Yawnghwe assured DVB that the current negotiations “call for the EAOs to be de-listed from the illegal organizations list when the NCA is signed”, but no one seems to yet have an answer as to how that will be either implemented or honoured. Speaking to DVB on Tuesday, Lian Sakhong, co-founder of PI and a high-level member of the Chin National Front, remarked only that “all who sign the national ceasefire, their names should be removed from the illegal organisations list, and they should not be punished under that law… Until it is signed, there is no way we can do that.”
This is an important point, considering that the Burmese military still operates with impunity in ethnic territories. The most recent example is the raid of a rebel liaison office in Kengtung, Shan State, just last month. An agreement to operate rebel army liaison offices is written into state-level ceasefire agreements.
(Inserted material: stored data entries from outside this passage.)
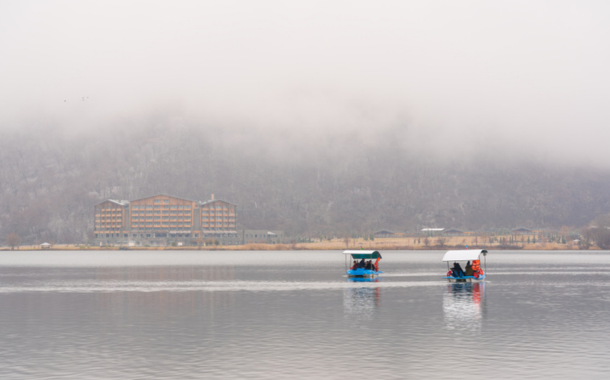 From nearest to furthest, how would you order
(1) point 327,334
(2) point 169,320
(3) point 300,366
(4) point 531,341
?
(3) point 300,366, (4) point 531,341, (1) point 327,334, (2) point 169,320

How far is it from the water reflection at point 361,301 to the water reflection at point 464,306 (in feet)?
22.4

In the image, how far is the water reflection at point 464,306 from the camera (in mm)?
54750

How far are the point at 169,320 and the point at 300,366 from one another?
23560mm

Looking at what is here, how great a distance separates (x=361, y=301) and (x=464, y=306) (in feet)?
36.6

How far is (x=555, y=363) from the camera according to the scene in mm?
37781

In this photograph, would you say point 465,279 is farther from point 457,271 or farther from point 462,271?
point 457,271

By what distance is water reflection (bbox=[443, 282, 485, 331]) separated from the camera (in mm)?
54750

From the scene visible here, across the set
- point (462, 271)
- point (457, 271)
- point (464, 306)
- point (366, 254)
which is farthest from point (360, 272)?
point (464, 306)

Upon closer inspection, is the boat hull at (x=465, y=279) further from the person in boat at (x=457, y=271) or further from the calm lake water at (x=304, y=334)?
the calm lake water at (x=304, y=334)

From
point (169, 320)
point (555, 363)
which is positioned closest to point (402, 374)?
point (555, 363)

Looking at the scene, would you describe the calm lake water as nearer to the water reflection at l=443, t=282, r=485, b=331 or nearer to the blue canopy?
the water reflection at l=443, t=282, r=485, b=331

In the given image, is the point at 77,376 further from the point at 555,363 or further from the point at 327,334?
the point at 555,363

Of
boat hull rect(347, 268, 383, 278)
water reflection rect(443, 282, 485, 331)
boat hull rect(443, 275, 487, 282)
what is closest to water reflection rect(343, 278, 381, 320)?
water reflection rect(443, 282, 485, 331)

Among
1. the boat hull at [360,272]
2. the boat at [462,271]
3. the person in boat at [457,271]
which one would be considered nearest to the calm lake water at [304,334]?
the boat at [462,271] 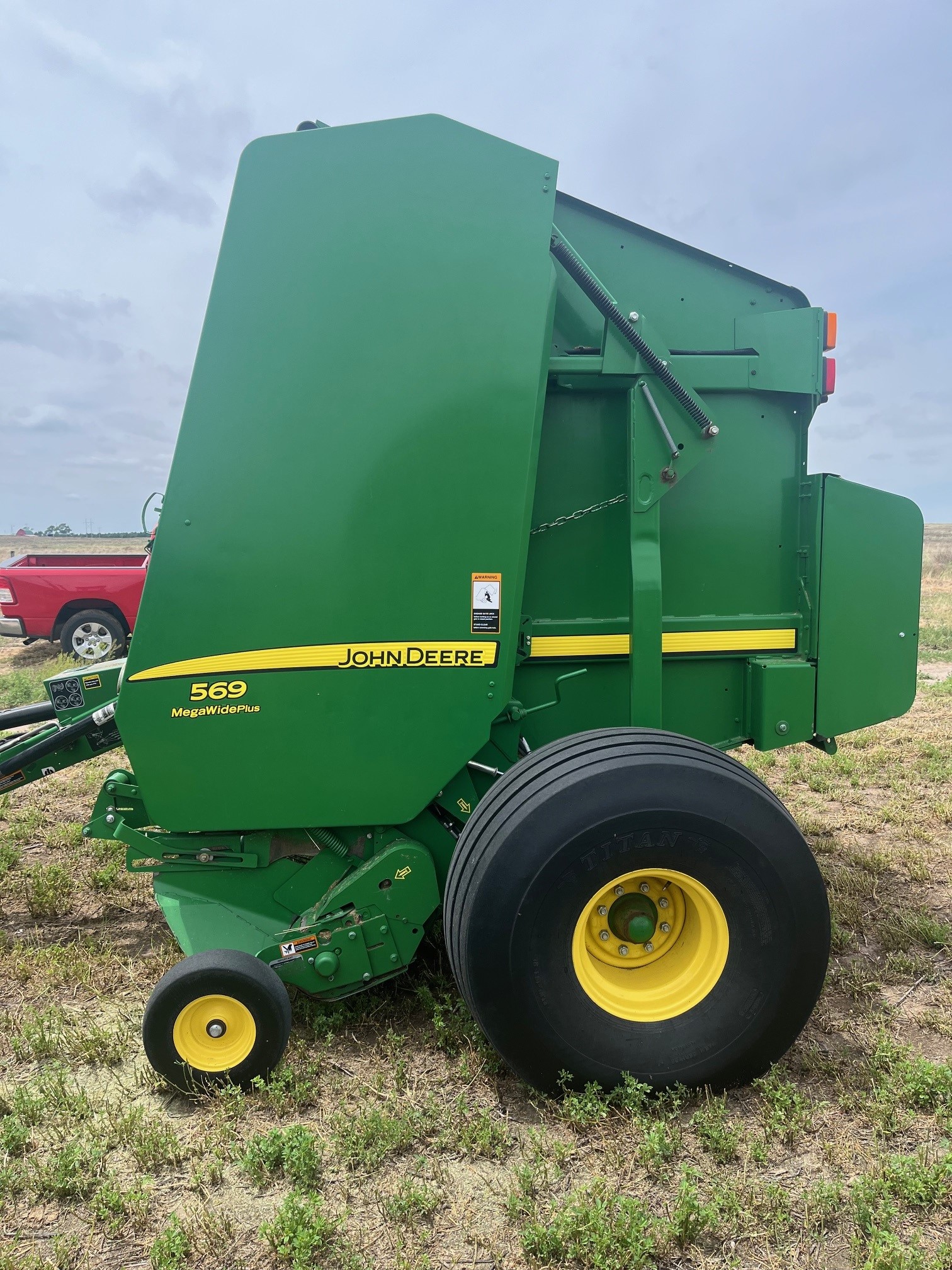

The most basic purpose of these offices is to bring insurgents out of the jungle and into the towns, where they can directly communicate with local Burmese authorities. The demonstrated consequence is that the offices turn some select rebels into sitting ducks.
It’s hardly irrelevant that the EBO, which partially funds the PI, also funds the establishment of liaison offices and pays staff salaries. Both institutions have a clear stake in the success of and public support for the offices. The Kachin Independence Organisation, which does not have a state-level ceasefire and is still in active conflict with the central government, does not accept EBO assistance for their offices. The Restoration Council of Shan State (RCSS), which has been under ceasefire since 2011, has been among the most reluctant participants in NCCT negotiations with the government. It’s no coincidence, say some observers, that their offices have been subject to abuse by Burmese authorities. More curious is the fact that just one day prior to the raid, a senior Shan politician was arrested at his home without warrant and charged with unlawful association for communicating with members of the RCSS, which is still considered illegal.
Lian Sakhong maintains that “until and unless we sign a nationwide ceasefire agreement, we do not have collective action, collective responsibility.” Because there is no nationwide agreement yet, he said, violation of an agreement between the RCSS and the Burmese authorities isn’t really any of the NCCT’s business. It seems an odd position to take, sending a message that those ethnic armed groups still resisting the agreement for the same reasons they did last year must either get on board or be left out to dry.